Task statement ▸ Output the records precisely as they stand. Pictures are to be skipped.

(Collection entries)
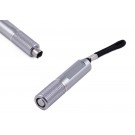 Silver High Line Twist Punch Cutter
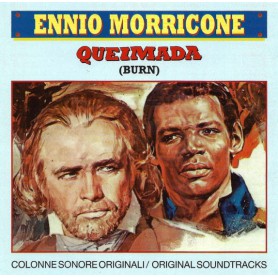 Queimada | Ennio MORRICONE | CD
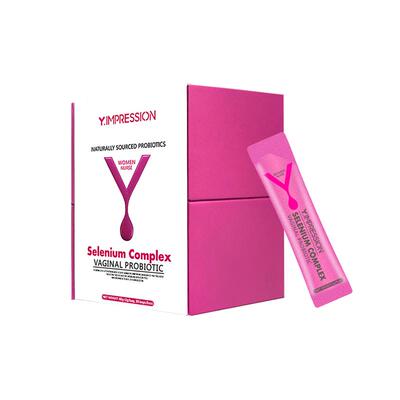 澳洲进口富硒蔓越莓女性益生菌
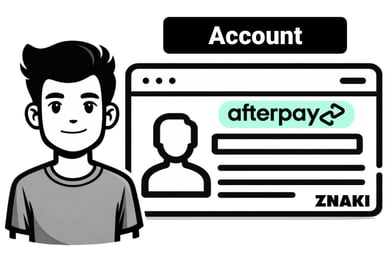 Afterpay Account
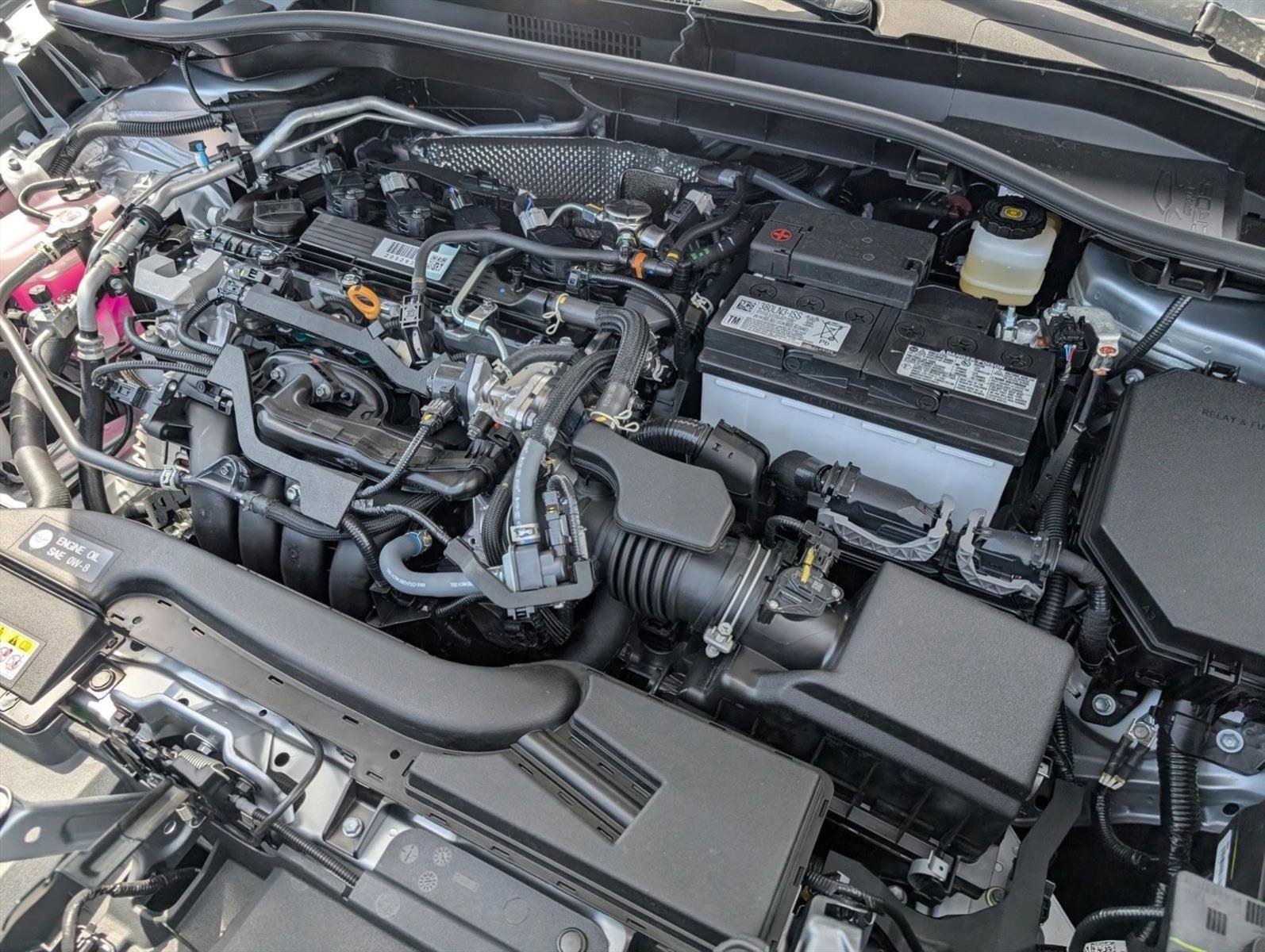 New 2026 Toyota Corolla Cross L FWD image 15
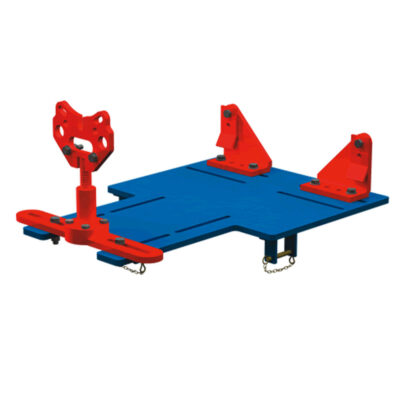 Universal Jacking Plate for Majorlift (9512)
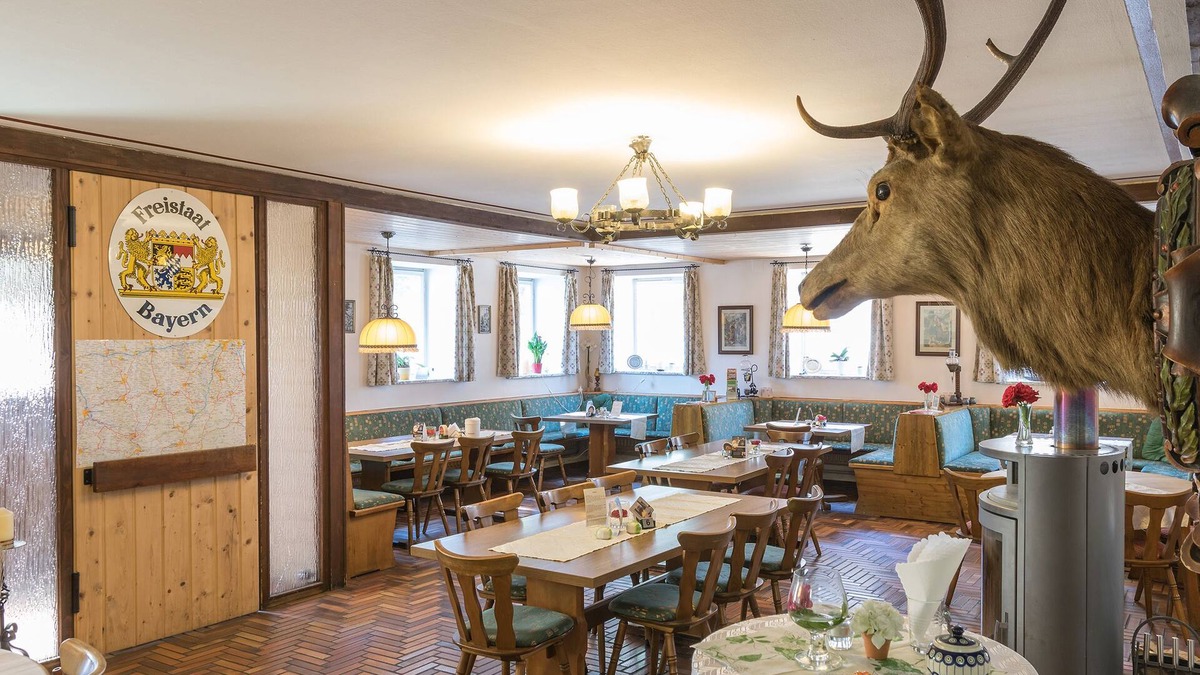 Bernbeuren House | Landgasthof Doldewirt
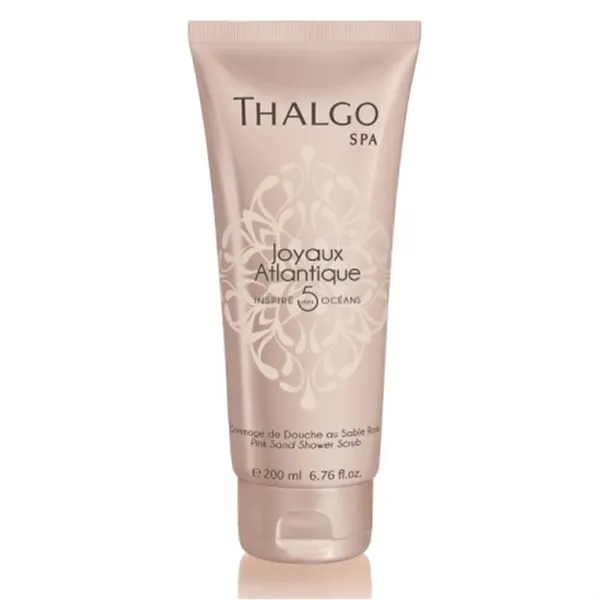 Thalgo Joyaux Atlantique Pink Sand Shower Sand 200ml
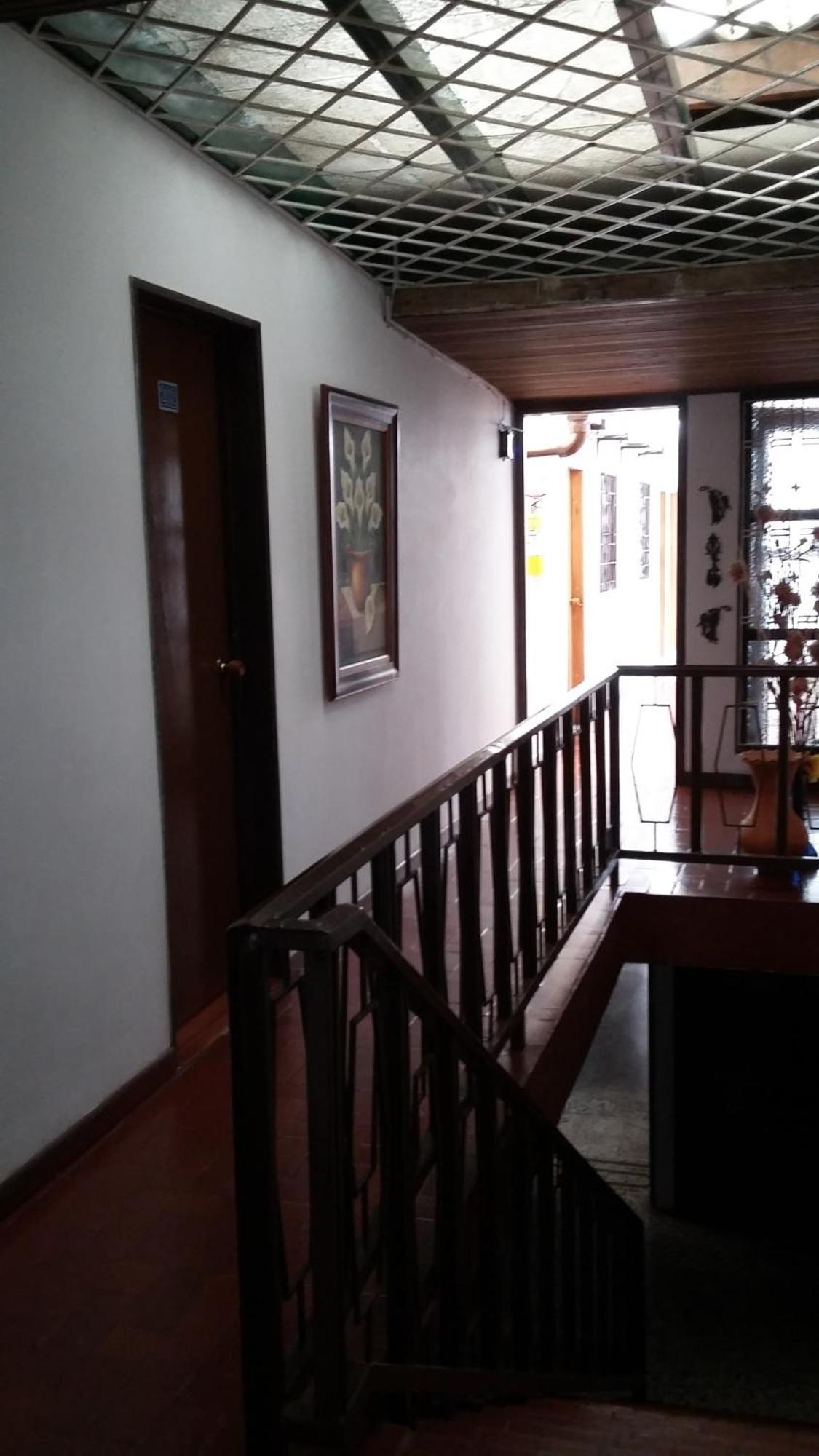 La Casa De Huespedes Hotel Bogota Ngoại thất bức ảnh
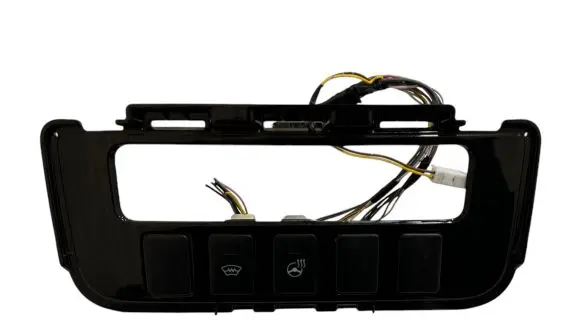 Mitsubishi Outlander Dashboard trim 317ZZ3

Solution for this problem ▸
 Silver High Line Twist Punch Cutter
 Queimada | Ennio MORRICONE | CD
 澳洲进口富硒蔓越莓女性益生菌
 Afterpay Account
 New 2026 Toyota Corolla Cross L FWD image 15
 Universal Jacking Plate for Majorlift (9512)
 Bernbeuren House | Landgasthof Doldewirt
 Thalgo Joyaux Atlantique Pink Sand Shower Sand 200ml
 La Casa De Huespedes Hotel Bogota Ngoại thất bức ảnh
 Mitsubishi Outlander Dashboard trim 317ZZ3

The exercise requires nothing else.